Natural language processing - Parse and understand sentence structure
Expert systems and decision support - Encode knowledge as rules, let Prolog draw conclusions
Symbolic computation and theorem proving - Manipulate logical expressions
Puzzles and constraint satisfaction problems - Describe the solution, let Prolog find it

Why Learn Prolog?

Even if you never use Prolog professionally, learning it will change how you think about programming. You will start to see problems differently - not as sequences of steps, but as relationships to be described. This perspective is valuable in any language.

And Prolog is fun. There is something deeply satisfying about describing a problem correctly and watching the computer deduce the answer. When your first recursive rule produces dozens of correct results from a handful of facts, you will understand why logicians and AI researchers fell in love with this language.

SLP-PROLOG aims toward ISO Prolog compatibility but currently implements a subset of the standard. See the "Current Implementation" section for details on what is supported. Programs may need adaptation when moving to other Prolog systems.

Current Implementation

SLP-PROLOG implements a core subset of Prolog suitable for learning logic programming fundamentals. This section clarifies what is currently supported.

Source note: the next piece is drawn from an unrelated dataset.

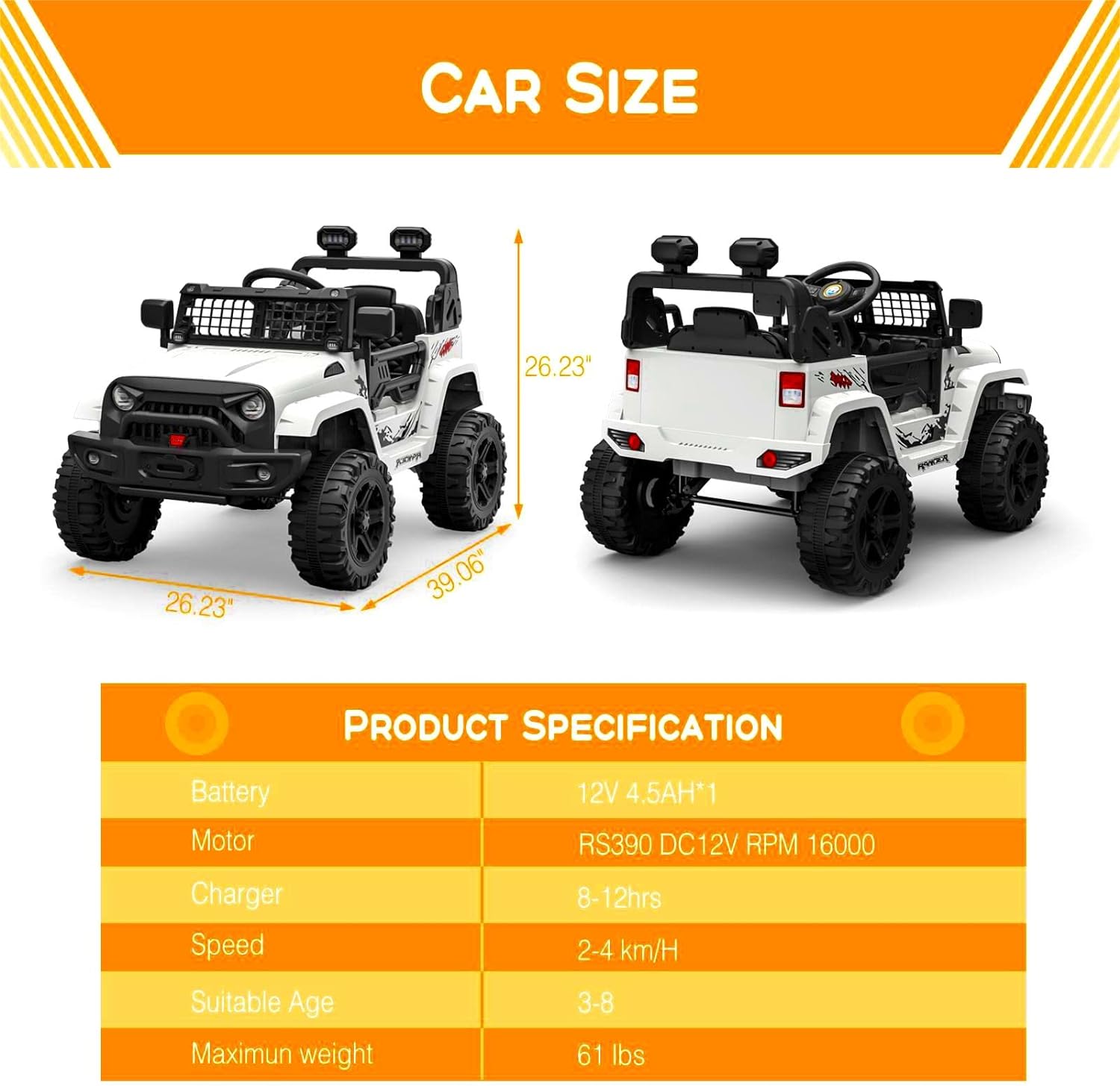Hetoy Ride on Truck Car 12V Kids Electric Vehicles with Remote Control Spring Suspension, LED Lights, Bluetooth, 2 Speeds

SLP-PROLOG is a teaching implementation. Many standard Prolog predicates documented in textbooks are outside the current subset. Programs from other Prolog systems may need adaptation.

What Works

Feature	Status	Notes
Facts and rules	Full support	Define with `fact.` or `head :- body.`
Queries	Full support	Interactive queries with `?-` prompt
Unification	Full support	`X = Y` and pattern matching
Backtracking	Full support	All solutions enumerated automatically
Lists	Full support	`[a, b, c]` and `[H
Basic arithmetic	Supported	`X is Expr` with `+`, `-`, `*`, `/`, `mod`
Arithmetic comparison	Supported	`<`, `>`, `=<`, `>=`, `=:=`, `=\=`
Conjunction	Supported	`,` (comma) for AND
Disjunction and if-then-else	Supported	`;` and `->`
Cut and negation	Supported	`!` and `\+ Goal`
Type checks	Supported	`var`, `nonvar`, `atom`, `number`, `integer`, `float`, `compound`, `is_list`, `ground`
Variables	Full support	Uppercase or `_` for anonymous

Outside the Current Subset

Feature	Status	Workaround
`assert/1`, `retract/1`	Not built in	Enter facts directly at prompt
Built-in `append`, `member`, `length`	Not built in	Define them yourself (examples below)
I/O (`write`, `nl`, `read`)	Not built in	Results shown via query responses
`findall`, `bagof`, `setof`	Not built in	Backtracking shows all solutions
Integer division (`//`)	Not built in	Use `/` for floating-point division or `mod` for remainders
Term ordering (`@<`, `@>`, `@=<`, `@>=`)	Not built in	Use arithmetic comparisons only on numeric expressions

Defining Common Predicates

Since member and append are not built-in, define them yourself:

member(X, [X|_]).
member(X, [_|T]) :- member(X, T).

append([], L, L).
append([H|T], L, [H|R]) :- append(T, L, R).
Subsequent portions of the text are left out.